= John Brooks (athlete) =

American long jumper

John William Brooks (July 31, 1910 – October 9, 1990) was an American long jumper. He competed in the 1936 Summer Olympics in Berlin, placing seventh in the long jump.

==Career==
Representing the University of Chicago, Brooks placed second behind Lambert Redd at the 1932 NCAA championships with a season-best jump of 25 ft 2 3/4 in (7.69 m). He placed fourth with a leap of 24 ft 10 5/8 in (7.58 m) at the 1932 United States Olympic Trials, missing qualifying for the 1932 Summer Olympics by one place. Brooks won the NCAA championship in 1933, his senior year; he placed second behind Jesse Owens at the Amateur Athletic Union (AAU)'s national outdoor championships that year. He placed third at the AAU meet in 1934 and 1935; he set his lifetime best, 25 ft 5 1/2 in (7.76 m), at the 1935 championships.

At the 1936 Olympic Trials Brooks placed second behind Owens with a jump of 25 ft 3 3/8 in (7.70 m), making the American team for the Olympic Games in Berlin.

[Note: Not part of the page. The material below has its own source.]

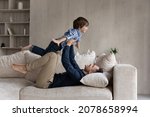 Small photo of Dad lying on couch lifts on outstretched hands little 6s son. Happy cute boy play plane fly in air while his father raise him up on arms. Active weekend at home, dreams about holiday, leisure concept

He placed seventh in the Olympic final, reaching a wind-aided 7.41 m (24 ft 3 3/4 in) on his best attempt. Brooks took second at the AAU meet in 1937, his final podium appearance.

In addition to his own career, Brooks had a role in coaching Tidye Pickett, the first African-American woman to compete in the Olympic Games. In 2016, the 1936 Olympic journey of the eighteen Black American athletes, including Brooks and Pickett, was documented in the film Olympic Pride, American Prejudice.